In this issue:
I connected 4 MCP servers to my intelligence system. They loaded 114 tool definitions.
I connected Notion to read and write pages. It loaded 22 API operations. I use three.
Anthropic, the company that created MCP — just published a blog explaining why it bloats your context
Perplexity's CTO says they're moving away from MCP internally
What you should know, if you’re building right now
I was mid-workflow when I noticed it.
I'd asked Claude to research what's happening in the AI world this week — a routine task, three Perplexity searches running in parallel. The kind of thing my intelligence system does daily. When the results came back, I checked the context usage.
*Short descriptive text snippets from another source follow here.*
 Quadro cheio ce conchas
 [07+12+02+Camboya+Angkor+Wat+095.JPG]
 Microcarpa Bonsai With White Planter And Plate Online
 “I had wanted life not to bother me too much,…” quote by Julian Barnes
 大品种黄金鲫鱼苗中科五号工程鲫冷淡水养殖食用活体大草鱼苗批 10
33,000 tokens. Gone. Just from search results.
That's not counting the tool definitions, the system instructions, the memory files, the CLAUDE.md that tells the system who I am and how I work. By the time I'd asked my first real question and run one round of research, nearly half my context window was consumed. Not by the conversation. Not by the thinking. By the plumbing.
The protocol responsible for all that plumbing? MCP — the Model Context Protocol. The thing that makes my entire system work.
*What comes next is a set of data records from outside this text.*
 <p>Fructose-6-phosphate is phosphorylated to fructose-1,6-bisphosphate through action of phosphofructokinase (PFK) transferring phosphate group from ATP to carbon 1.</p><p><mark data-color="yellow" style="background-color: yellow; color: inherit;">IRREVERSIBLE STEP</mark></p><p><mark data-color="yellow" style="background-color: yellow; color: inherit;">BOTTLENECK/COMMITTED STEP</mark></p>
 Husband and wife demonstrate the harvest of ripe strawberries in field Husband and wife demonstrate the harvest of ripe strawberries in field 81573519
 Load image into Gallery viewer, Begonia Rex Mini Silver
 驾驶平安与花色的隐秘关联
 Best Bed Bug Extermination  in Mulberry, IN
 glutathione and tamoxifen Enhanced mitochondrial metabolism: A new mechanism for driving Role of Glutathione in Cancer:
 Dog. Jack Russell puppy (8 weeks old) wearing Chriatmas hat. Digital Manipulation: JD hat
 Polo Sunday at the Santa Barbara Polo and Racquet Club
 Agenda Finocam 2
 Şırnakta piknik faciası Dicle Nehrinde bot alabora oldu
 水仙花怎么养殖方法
And the thing that's slowly eating it alive.
The Protocol That Won Everything
If you're building anything with AI agents in 2026, you've already encountered MCP whether you know it or not.
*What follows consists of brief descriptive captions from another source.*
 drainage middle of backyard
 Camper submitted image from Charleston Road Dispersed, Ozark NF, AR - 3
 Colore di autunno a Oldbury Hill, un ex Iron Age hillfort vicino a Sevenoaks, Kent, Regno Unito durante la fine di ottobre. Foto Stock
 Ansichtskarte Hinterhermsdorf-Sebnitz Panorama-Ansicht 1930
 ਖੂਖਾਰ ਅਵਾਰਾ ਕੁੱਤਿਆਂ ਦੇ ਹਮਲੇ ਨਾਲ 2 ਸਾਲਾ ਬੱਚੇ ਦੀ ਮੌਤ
Anthropic released the Model Context Protocol in November 2024 as an open standard for connecting AI systems to external tools. The pitch: instead of building custom integrations for every API, database, and service, you build one MCP server and any compatible client can use it. A universal adapter for the age of AI agents.
It worked. It worked fast.
By February 2026, MCP had crossed 97 million monthly SDK downloads. Every major AI provider — Anthropic, OpenAI, Google, Microsoft, Amazon — supports it. Anthropic donated the protocol to the Linux Foundation's Agentic AI Foundation, with all five of those companies as founding members. Thousands of community-built MCP servers now connect to everything from Salesforce to Kubernetes to your local file system.
MCP didn't just win. It became the TCP/IP of agent-tool communication — the layer everyone agrees on so that everything above it can be different.
I've been building on it for months. My intelligence system — the thing I use to research, write, build automations, manage clients, and teach — runs on MCP. It's how Claude connects to my n8n workflows, reads and writes to Notion, draws diagrams in Excalidraw, searches the web through Perplexity, manages my calendar, reads my email. MCP turned Claude from a chatbot into something that inhabits my work.
This isn't theoretical for me. I run my business on this protocol.
Which is why what I found when I started measuring matters.
Then the Room Got Crowded
Here's what my system actually looks like, in numbers.
I configured 4 MCP servers in my project — the ones I actually chose: n8n for workflow automation, Notion for my knowledge base, Excalidraw for diagrams, and Perplexity for search. Four connections. The tools I need.
But Claude Code also picks up MCP servers from other sources — claude.ai's native integrations for Gmail, Calendar, Gamma, Granola, plus browser automation through Chrome and Playwright.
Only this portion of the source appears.